I remember being revolted by that. I do remember that. I was revolted. It revolted me as a child. Do you remember that episode where, I forget what the context was, but Ed's parents takes away his stairs? Do you remember that? Yeah, because he lives in the basement, right? Yeah, he lives in a basement, so he's like, oh, I'm grounded, so my parents took the stairs. So, yeah.
That's some liminal horror. That's where the stairs went. That is liminal horror. Especially because you never see the parents in that show. I know that there's so many fun conspiracies of like, who the fuck took the stairs, Ed? His parents are just an entity that eats stairs.
Yeah, yeah. Okay, we're getting too sidetracked, but we're almost done. We're almost done. Thank you guys for staying with us. We're so close. We're having a lot of fun with this. But just to rattle these last ones off, we get another encounter with the Faceless Man, which is a friend of Russell's.

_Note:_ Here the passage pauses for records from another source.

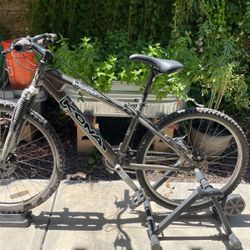 Mountain Bike With Training Stand By  Kona Ford
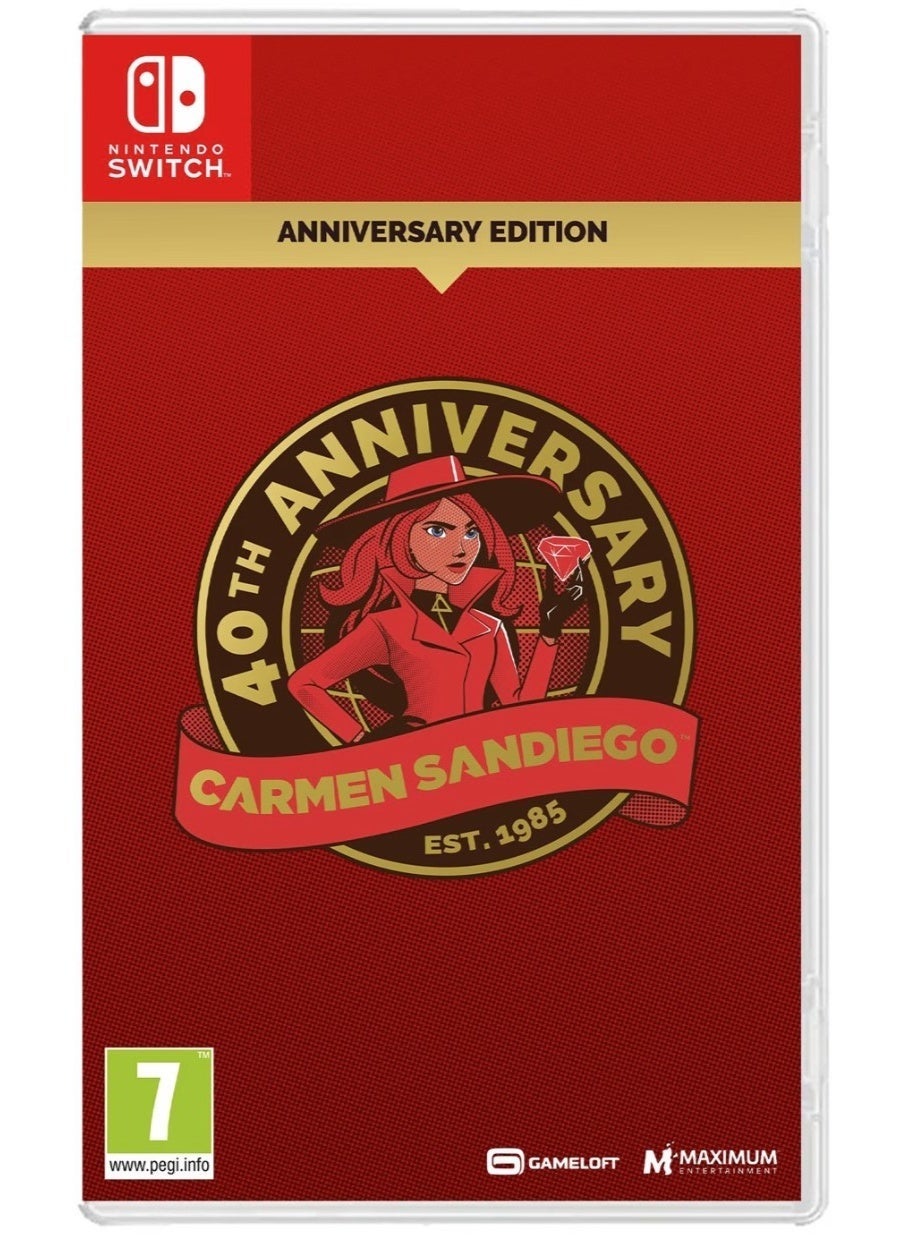 Compare Carmen Sandiego 40th Anniversary Edition  Nintendo Switch  nintendo_switch at KSA Price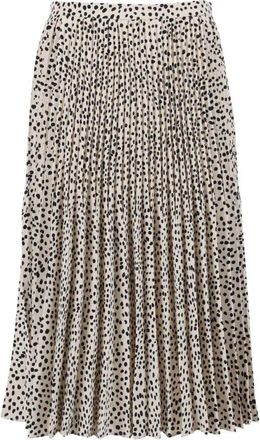 Max Mara Gonna Legno - Dames - Midirokken - Beige - XS - Polyester - Rokken
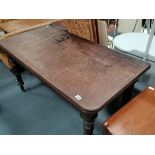 Antique large mahogany dining table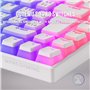 Mars Gaming MKCLOUD, Clavier Mécanique sans Fil RGB Blanc, Ultra-Compact 75%, Switch Outemu SQ Pro Bleu, Langue Français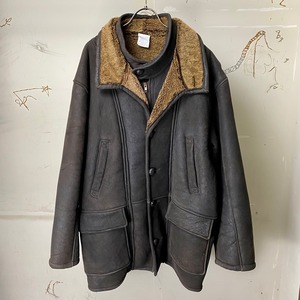 vintage fake layered mouton coat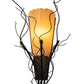 Meyda Lighting Rama 18" Blackwash Wall Sconce With Amber Tawnyrock Idalight Shade Glass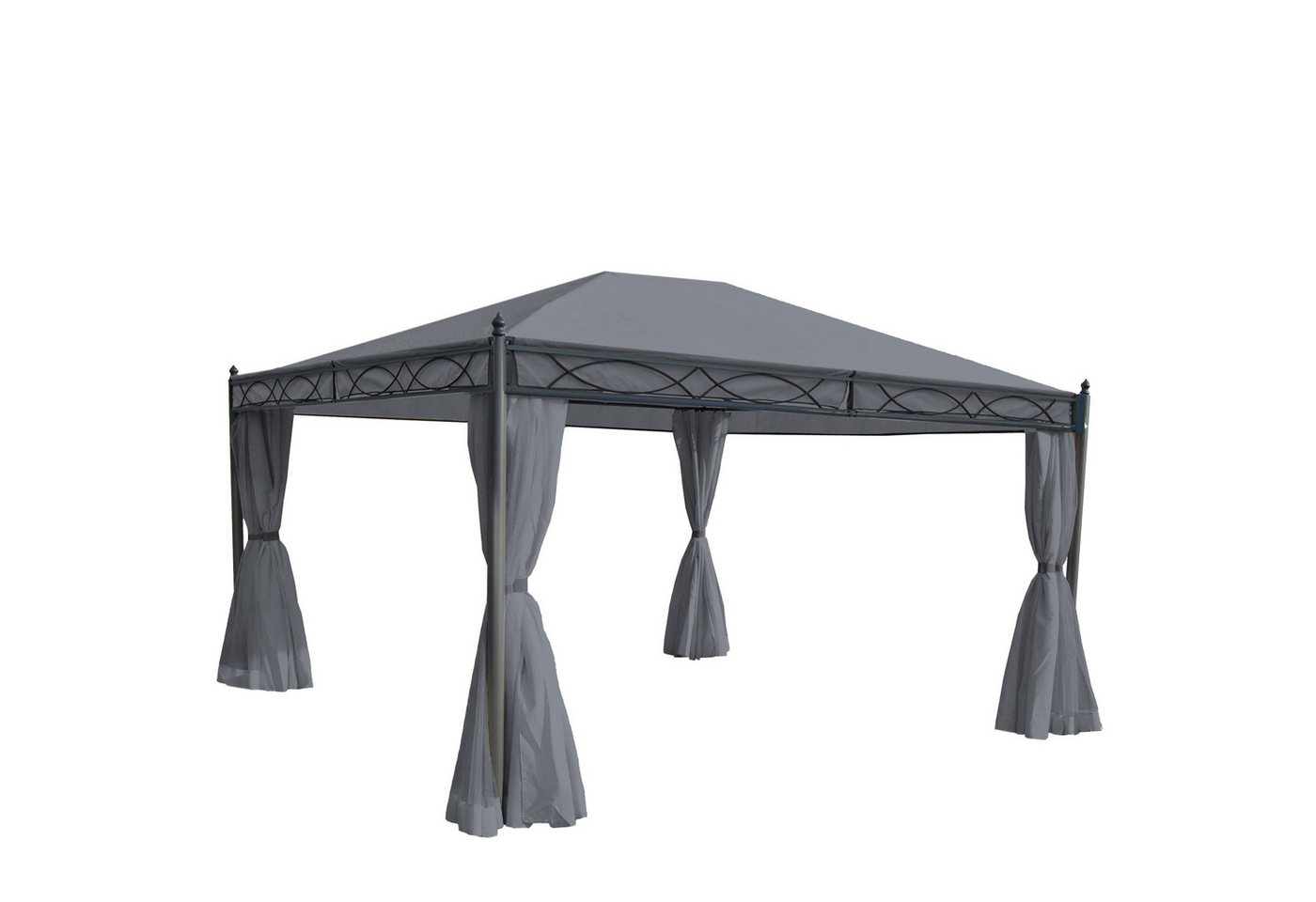 MCW Pergola Calpe-4x3, BxTxH: 394x273x273 cm, mit Seitenwand und Moskitonetz, UV-Schutz 50+ von MCW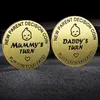Arts and Crafts Decision Coin Fun Game Coin Médaille commémorative en métal Emblème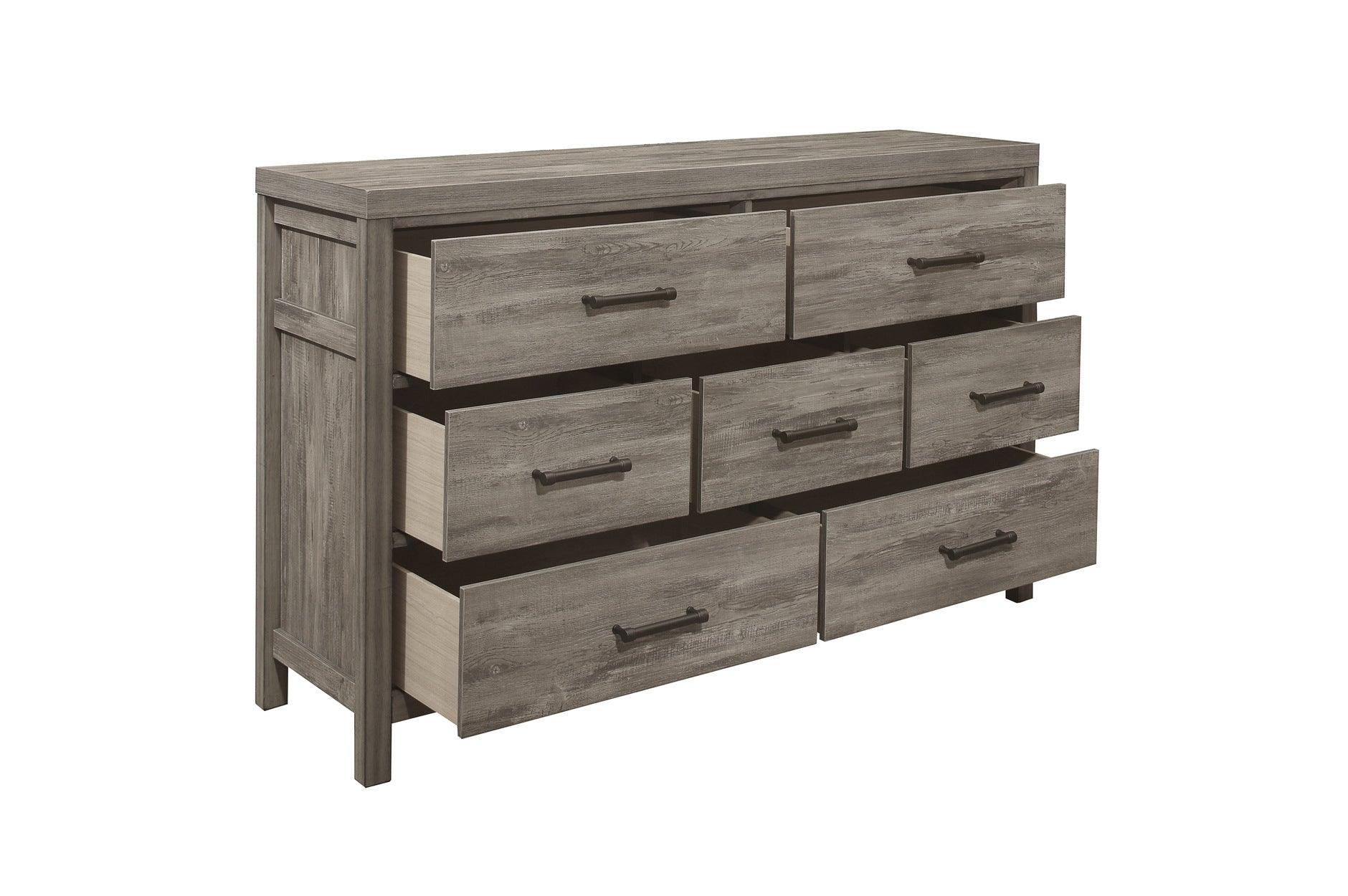 Homelegance - Bainbridge Dresser In Weathered Gray - 1526-5 - ATL FURNITURE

That's a bit of an understatement. Yeah, leaving an eerie impression. Which, it's like... I mean, really imagine that for a second.
uh, excuse me, do you know where the local Red Robin is? Uh, yeah, man. Oh, and he's like, has a face. He's like, oh, he like just dead sprints into the woods. How would you even process that? A smooth, a smooth faceless surface. The way it's described is pretty good too. Cause they're like on top of a staircase painting. Yeah. And then it's like, they look over their shoulder, they're faceless. They blink and he has a face all of a sudden. And it's like, huh, was that my bad? But then the guy's acting so weird that you're like, uh, maybe that wasn't my bad.
It is a very well-played moment of tension. It's a well-played moment of tension, and I think that it escalates it perfectly by exactly. You're asking yourself, is this situation weird? Until the guy literally disappears into the woods. No, I had every right to be weirded out by that. Okay, that makes sense. Imagine you're talking to a guy, and he's like, hey, could you give me a ride down the street? And you're like, no. And he's like, okay, and just walks off into the tree line. I'd be like, that man's on his own journey.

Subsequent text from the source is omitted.